Automatically discovering configuration policies is a time-saving tool. Instead of editing test conditions, the user’s actions over time propose new policies and asset classes. This not only exploits the software-defined nature of the modern data center, but it also saves time and supports a DevOps-style assessment of data center operations. Policy discovery also has the potential to detect new guidelines that were not realized or articulated by the administrator. Our next step is to apply the policy discovery process to a live feed of vCenter changes and automatically propose desired states to assessment and remediation engines such as OVAL and Puppet.

Acknowledgments

We would like to thank Rob Helander for writing the pyReplay code that generates the configuration change events and resource states from the vCenter inventory service Atom feed. Thanks also to Rick Frantz for proposing and sponsoring the topic of automatic policy discovery as a research project.

References

1. vSphere 5.5 Hardening Guide, VMware Inc. 2013.
2. The Security Content Automation Protocol (SCAP), National Institute of Standards.

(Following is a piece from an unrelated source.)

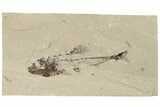 Cretaceous Fish (Spaniodon) With Pos/Neg - Lebanon #200636-4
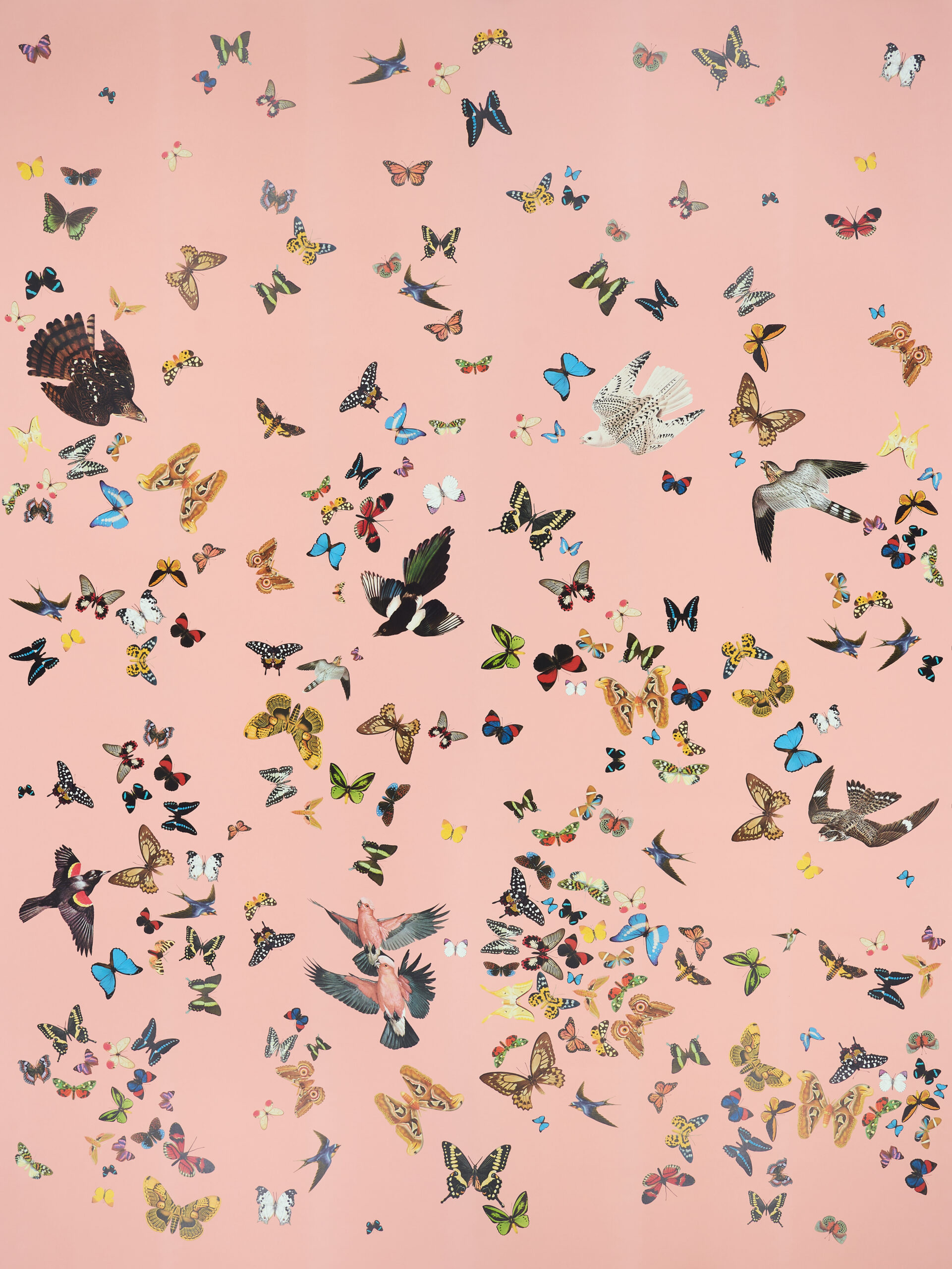 | Flight Pink Queen\'s Panel Schumacher Set - Wallpapers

Jan 2014.
3. The Open Vulnerability Assessment Language (OVAL), The MITRE Corporation. Mar 2014.
4. Puppet Enterprise. Puppet Labs. Mar 2014.
5. Facter 1.7. Puppet Labs. Mar 2014.
6. CFEngine. CFEngine AS. Mar 2014.
7. National Vulnerability Database, National Institute of Standards (NIST). 2014.
8. PCI SSC Data Security Standard. Payment Card Industry Security Standards Council. 2014.
9. Huttermann, M., DevOps for Developers. Apress. 2013.
10. Cover, T. M. and Thomas, J. A., Elements of Information Theory, John Wiley & Sons, Inc. 1991.
11. Whitten, I. H., Frank, E. and Hall, M. A. Data Mining: Practical Machine Learning Tools and Techniques, 3rd Ed., Morgan Kaufmann. 2011.
12. Weka 3: Data Mining Software in Java, University of Waikato. Mar 2014.